3. Don't feel bad in 20 years you'll see her and feel glad she broke up with you. 1973.
4. Other advice too.
 
My father taught me three things:
  • Here's a razor
  • Here's a razor blade
  • Here's some canned shave foam
That's it and left me to figure out the rest on my own.

He was like that for everything. When bird season started it was the same, here your shotgun and shells, that's it. At 13 I didn't know about leading the bird before pulling the trigger. I just pointed and shot. I collected a lot of feathers not many birds.

He was a big golfer too.
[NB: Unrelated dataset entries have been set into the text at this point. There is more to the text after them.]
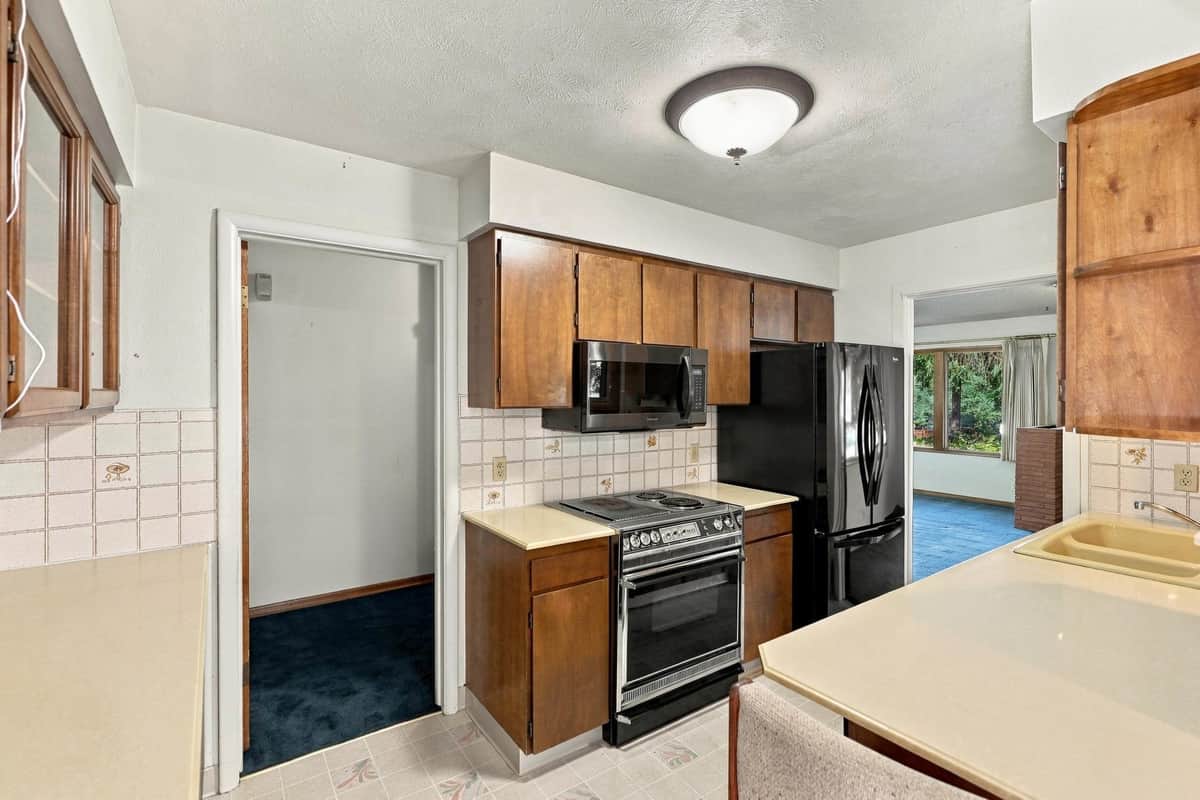 3908 E 22nd Ave thumbnail 10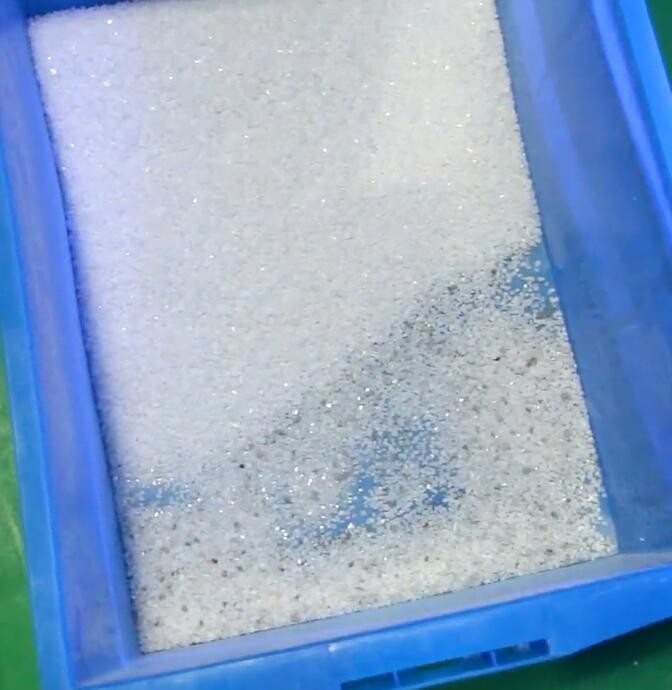 Hoppers de acero inoxidable máquina de clasificación de color de sal húmeda con cámara de Ccd completa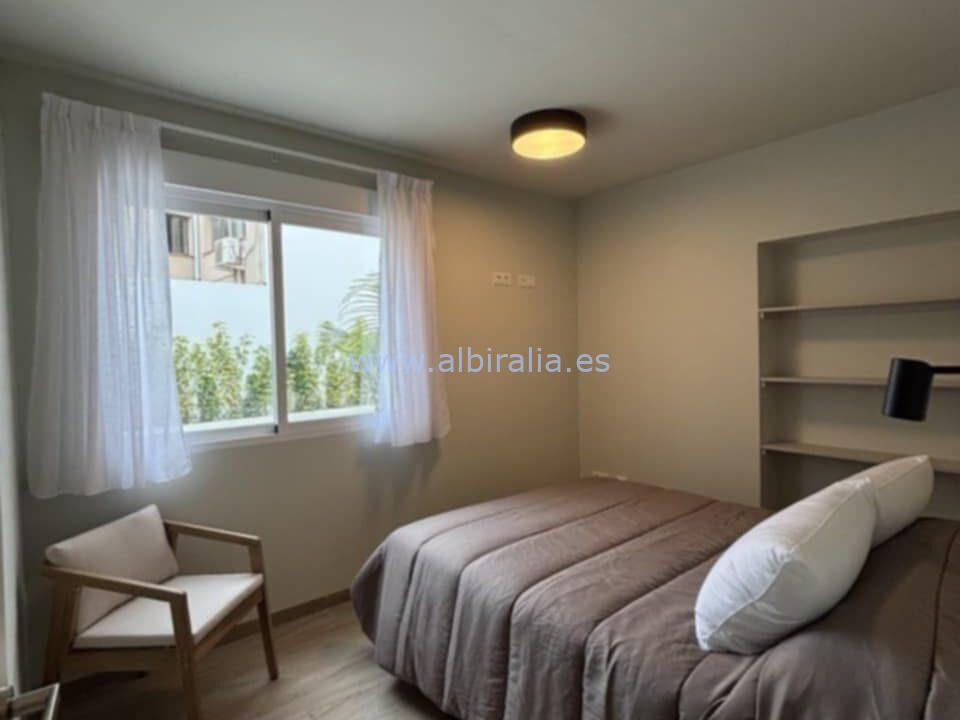big apartment with private garden for long term rent in Alfaz del Pi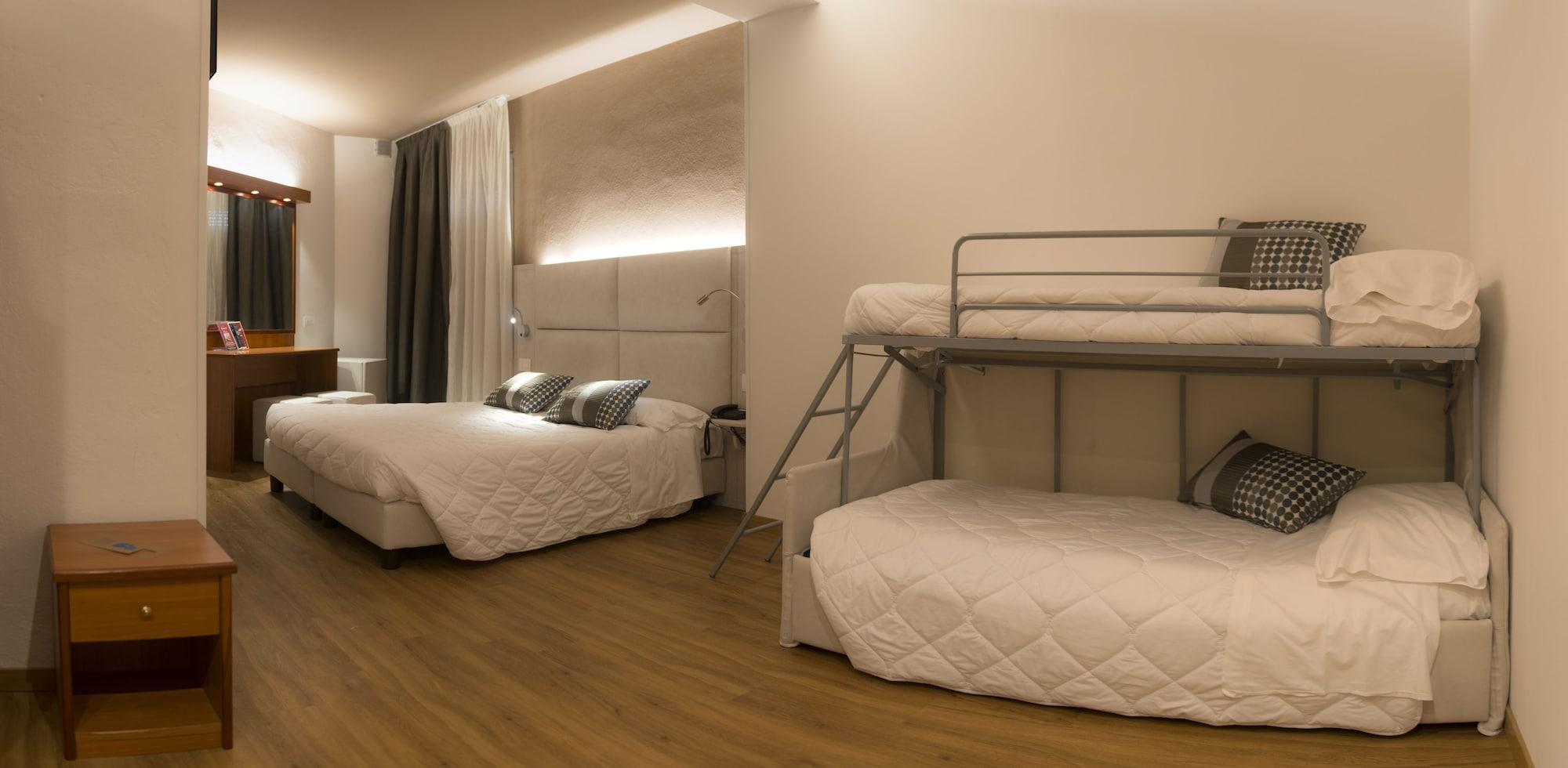 Hotel Everest Trento Esterno foto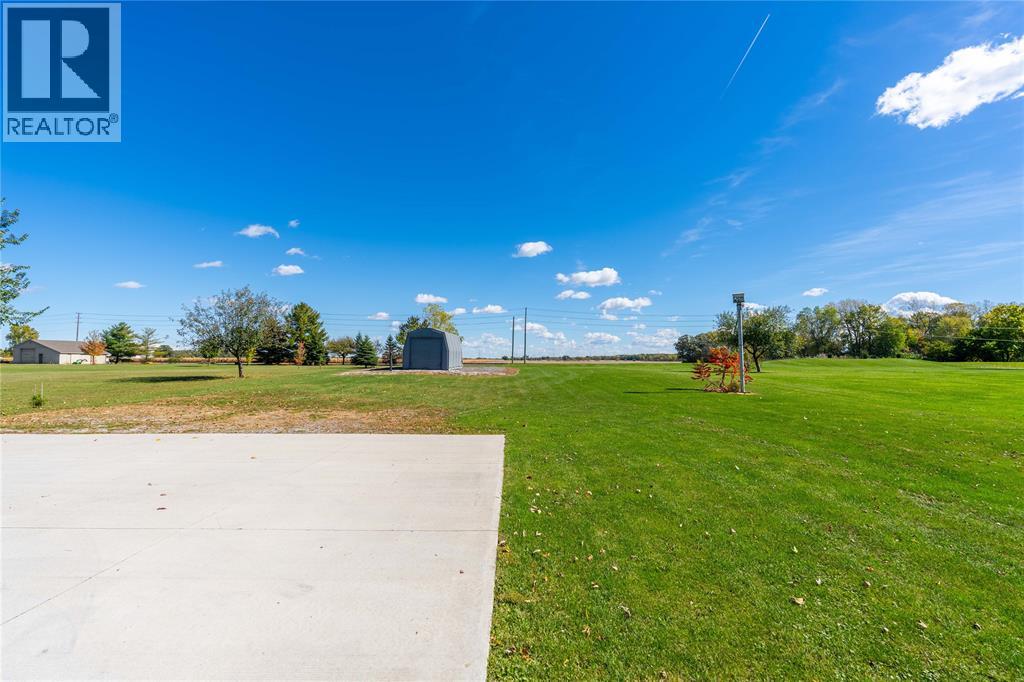900 St Clair Parkway Property Photo 36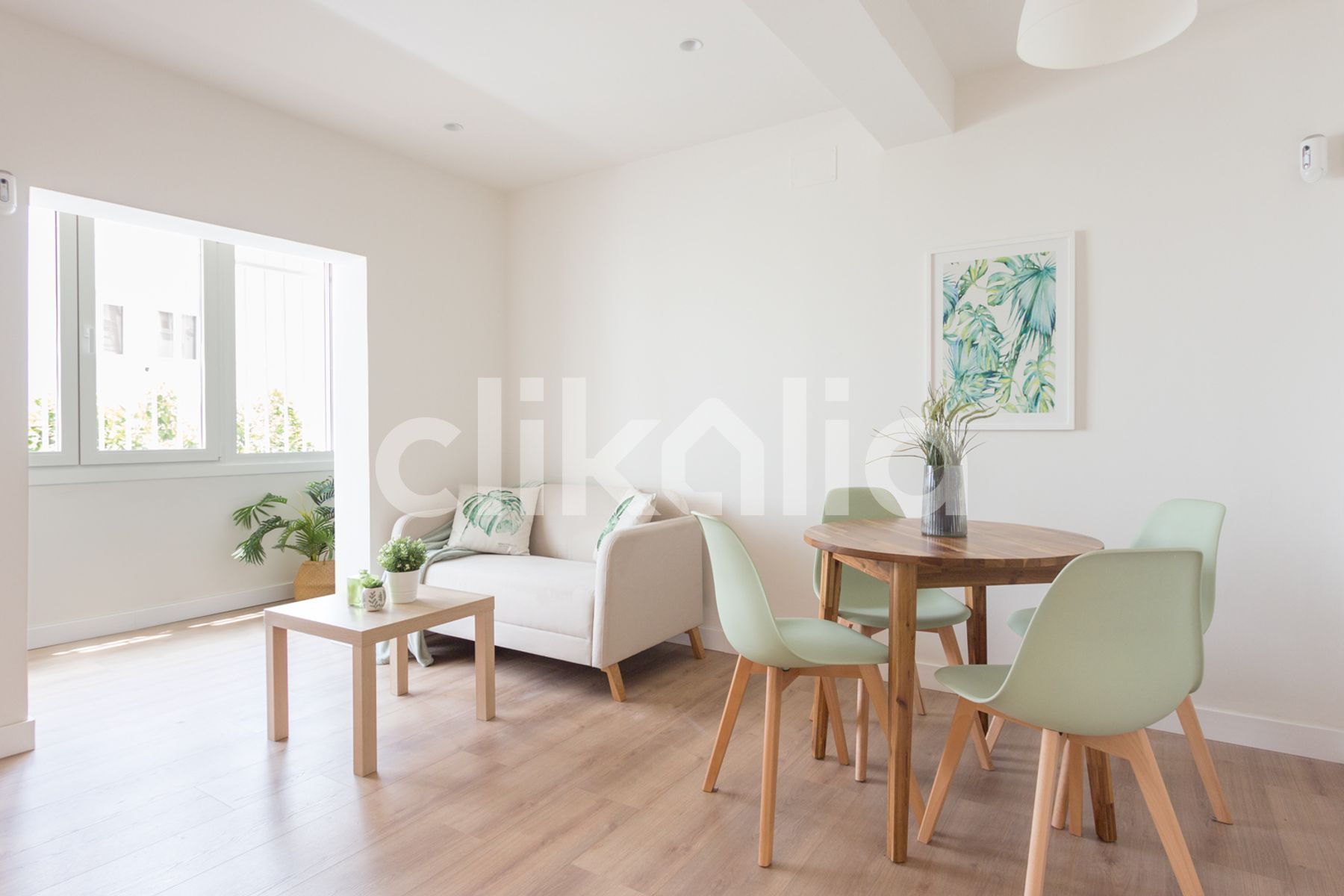 Living room of Flat for sale in  Sevilla Capital  with Air Conditioner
So more of the same, here's a bag of clubs and a dozen golf balls and there's the course.
 
Nothing, but that was because I was 15 and knew everything.

He gave me some Barbasol canned shave cream and some Gillette Good Will disposables and offered to help me. I declined and he told me to try not to bleed too much :lol:. I bled a lot.
 
Self-taught, for clichéd GenX reasons...

At first I used a Wahl trimmer I'd found in the bathroom. And I do mean a hair trimmer, not an electric razor. I'd knock down any growth every couple weeks or so.
 
The only thing I can definitely remember was him telling me is that when you wash the soap off your face, use your fingers to check for stubble in spots you’ve missed.

I don’t recall him saying anything at all about lathering and technique etc, although I’m sure he must have(?), but maybe he didn’t. I think I’ve posted on here before that he had a regimen that would give most B&B members conniptions. Throughout the 70s and 80s he had a cheap, wooden-handled brush that he used to lather up off the bar of Cusson’s Imperial Leather hand soap that was always on the sink. Most of the time, he wouldn’t even clean the brush, but just let it sit upright overnight and ‘reactivate’ the hardened bristles the following morning.
 
My father used an injector when I was very young, then switched to a Techmatic and lots of toilet paper. After a brief try with cartridges, he switched to a Norelco electric and was using that when I started to shave. What I learned from him was to stay the hell away from Techmatics.
 
Dad and both grandpas used electrics. At some point in highschool, my mom looked at me funny and asked if I wanted to start shaving. She got me a little electric. I don't recall asking for or needing any assistance. I think one of my grandpas got me a nicer electric later that year. I don't think the topic of shaving has ever come up with my dad.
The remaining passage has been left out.